GPU Bootcamps are designed to help build confidence in Accelerated Computing and eventually prepare developers to enroll for Hackathons

This repository consists of GPU bootcamp material for HPC, AI and convergence of both:

  • HPC :: The bootcamp content focuses on how to follow the Analyze, Parallelize and Optimize Cycle to write parallel codes using different parallel programming models accelerating HPC simulations.
Lab Description
N-Ways This Bootcamp will cover multiple GPU programming models and choose the one that best fits your needs. The material supports different programming langauges including C ( CUDA C, OpenACC C, OpenMP C, C++ stdpar ), Fortran ( CUDA Fortran, OpenACC Fortran, OpenMP Fortran, ISO DO CONCURRENT ) Python ( Numba, CuPy )
OpenACC The Bootcamp will cover how to write portable parallel program that can run on multicore CPUs and accelerators like GPUs and how to apply incremental parallelization strategies using OpenACC
Multi GPU Programming Model This bootcamp will cover scaling applications to multiple GPUs across multiple nodes. Moreover, understanding of the underlying technologies and communication topology will help us utilize high-performance NVIDIA libraries to extract more performance out of the system
  • Convergence of HPC and AI :: The bootcamp content focuses on how AI can accelerate HPC simulations by introducing concepts of Deep Neural Networks, including data pre-processing, techniques on how to build, compare and improve accuracy of deep learning models.
Lab Description
Weather Pattern Recognition This Bootcamp will introduce developers to fundamentals of AI and how data driven approach can be applied to Climate/Weather domain
CFD Flow Prediction This Bootcamp will introduce developers to fundamentals of AI and how they can be applied to CFD (Computational Fluid Dynamics)
PINN This Bootcamp will introduce developers to fundamentals of using Physics Informed Neural Network and how they can be applied to different scientific domains using Nvidia SimNet
  • AI:: The bootcamp content focuses on using popular accelerated AI frameworks and using optimization techniques to get max performance from accelerators like GPU.
Lab Description
Accelerated Intelligent Video Analytics Learn how Nvidia DeepStream SDK can be used to create optimized Intelligent Video Analytics (IVA) pipeline.
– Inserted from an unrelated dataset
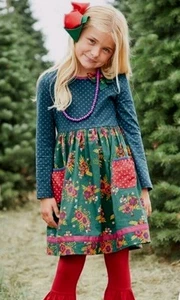 Matilda Jane Moments With You Merry Merry Dress Sz 12 Girl Long Sleeve Polka Dot - Picture 1 of 9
Participants will be exposed to the building blocks for creating IVA pipeline followed by profiling exercise to identify hotspots in the pipeline and methods to optimize and get higher throughput
Accelerated Data Science Learn how RAPIDS suite of open source software libraries gives you the freedom to execute end-to-end data science and analytics pipelines entirely on GPUs. Participants will be exposed to using libraries that can be easily integrated with the daily data science pipeline and accelerate computations for faster execution
Distributed Deep Learning This bootcamp will introduce participants to fundamentals of Distributed deep learning and give a hands-on experience on methods that can be applied to Deep learning models for faster model training

System Requirements

Each lab contains docker and singularity definition files. Follow the readme files inside each on how to build the container and run the labs inside it.

Contribution

  • The repository uses Apache 2.0 license. For more details on folder structure developers may refer to CONTRIBUTING.md file.
  • A project template for reference is located at Template

Authors and Acknowledgment

See Contributors for a list of contributors towards this Bootcamp.

Feature Request or filing issues

  • Bootcamp users may request for newer training material or file a bug by filing a github issues
  • Please do go through the existing list of issues to get more details of upcoming features and bugs currently being fixed Issues

General Troubleshooting

  • All materials developed are tested with latest GPU Architectures (V100, A100). Most labs unless specified explicitly are expected to work even on older GPU architectures and with lesser compute and memory capacity like the one present even in laptops. There will be change in performance results observed based on GPU used. In case you see any issue using the material on other GPU please file an issue in Github mentioning the details of GPU and CUDA Driver version installed.
  • The material developed are tested inside container environment like Docker and Singularity. In case the users don't have container environment in the cluster, they can explicitly look at the steps mentioned in the Dockerfile and Singularity scripts and install the dependenciesmanually.
  • All bootcamps are jupyter based and by default the Dockerfile and Singularity script runs the jupyter notebook at port 8888. In a munti-tenancy environment the admins are requested to explicitly map the ports to individual users else will result into port conflict issues. We recommend having installations of interactive interface to remote computing resources like Open OnDemand or JupyterHub coupled with scheduler (SLURM, Kubernetes etc ) to do these resources mapping automatically.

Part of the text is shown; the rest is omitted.